Thanks for all your replies. I did miss something. The Gretl program and
documentation are correct. In the Gretl Guide it is specified that model
predictions are found by first subtracting the effect of the independent
variables from the intercepts (cut-points). I did not notice the
subtraction:
P (αj < y ≤ αj+1 | xi) = F (αj+1 − zi) − F (αj − zi)
This is how SPSS PLUM does it also, according to the book mentioned
below, and polr in the R MASS library.
So, minus times minus gives plus...
However, in the R VGAM library the effect of independent variables are
added (as we are used to with OLS).
A function call in VGAM:
mo <- vglm(profread ~ male, cumulative(link = logit, reverse = FALSE,
parallel = TRUE))
Similarly in SPSS the parts are added. SPSS is the program used in
"Logistic Regression Models for Ordinal Response Variables" by Ann A.
O'Connell.
Another thing to notice: Gretl uses the ascending alternative. The odds
are then accumulated over the lower-ordered categories. The opposite,
the descending method, gives parameters directly comparable with OLS.
However, this is easily given by reversing all the signs (for cut-points
and independent variables) from the ascending method. The magnitudes
stay the same.
Perhaps some of this could be emphasized in the user guide?
Thanks again.
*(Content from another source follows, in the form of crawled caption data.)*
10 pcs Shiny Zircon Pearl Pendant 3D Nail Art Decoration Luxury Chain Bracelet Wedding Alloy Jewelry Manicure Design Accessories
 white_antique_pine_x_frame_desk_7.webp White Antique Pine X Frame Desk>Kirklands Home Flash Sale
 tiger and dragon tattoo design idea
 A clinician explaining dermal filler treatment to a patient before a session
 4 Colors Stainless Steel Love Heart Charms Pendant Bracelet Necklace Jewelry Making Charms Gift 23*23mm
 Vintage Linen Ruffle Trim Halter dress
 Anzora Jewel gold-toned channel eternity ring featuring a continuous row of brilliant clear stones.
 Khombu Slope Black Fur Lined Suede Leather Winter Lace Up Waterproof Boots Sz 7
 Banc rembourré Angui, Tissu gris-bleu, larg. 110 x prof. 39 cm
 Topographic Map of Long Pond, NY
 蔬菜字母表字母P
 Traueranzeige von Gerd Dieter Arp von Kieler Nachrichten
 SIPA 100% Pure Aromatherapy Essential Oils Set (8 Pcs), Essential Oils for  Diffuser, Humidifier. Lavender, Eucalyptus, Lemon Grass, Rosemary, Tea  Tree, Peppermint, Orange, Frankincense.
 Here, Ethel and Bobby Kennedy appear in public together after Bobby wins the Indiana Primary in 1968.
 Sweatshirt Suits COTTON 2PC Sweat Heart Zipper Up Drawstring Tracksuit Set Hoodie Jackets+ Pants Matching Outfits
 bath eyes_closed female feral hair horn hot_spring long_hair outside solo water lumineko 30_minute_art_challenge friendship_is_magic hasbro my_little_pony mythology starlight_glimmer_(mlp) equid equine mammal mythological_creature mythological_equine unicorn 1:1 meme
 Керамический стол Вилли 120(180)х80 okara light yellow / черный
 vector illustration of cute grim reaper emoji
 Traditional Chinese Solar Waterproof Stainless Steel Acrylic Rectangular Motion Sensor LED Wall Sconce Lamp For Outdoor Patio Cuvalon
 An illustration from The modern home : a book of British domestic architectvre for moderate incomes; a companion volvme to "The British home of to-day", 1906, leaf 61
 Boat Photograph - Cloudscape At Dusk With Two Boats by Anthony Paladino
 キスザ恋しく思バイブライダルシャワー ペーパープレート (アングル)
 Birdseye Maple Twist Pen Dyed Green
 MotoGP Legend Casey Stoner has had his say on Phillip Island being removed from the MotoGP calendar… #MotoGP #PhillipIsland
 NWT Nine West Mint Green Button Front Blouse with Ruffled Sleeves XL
Have a nice week.
Birger
lø., 12.02.2011 kl. 12.58 -0500, skrev Allin Cottrell:
On Sat, 12 Feb 2011, Allin Cottrell wrote:
> On Sat, 12 Feb 2011, Birger Baksaas wrote:
>
> > Coefficients from the Ordered Logit function are correct in gretl, but
> > the signs seem to be mixed up.
>
> I note that the gretl coefficients and cut-points (magnitude and
> sign) agree with those given by Wooldridge...
In addition:
<script>
open pension.gdt
logit pctstck const choice finc25 wealth89 prftshr
foreign language=R --send-data
library(MASS)
y <- factor(pctstck)
plr <- polr(y ~ choice + finc25 + wealth89 + prftshr,
method = "logistic")
summary(plr)
end foreign
</script>
The coefficients (and cut points) given by gretl and R are
identical in both magnitude and sign.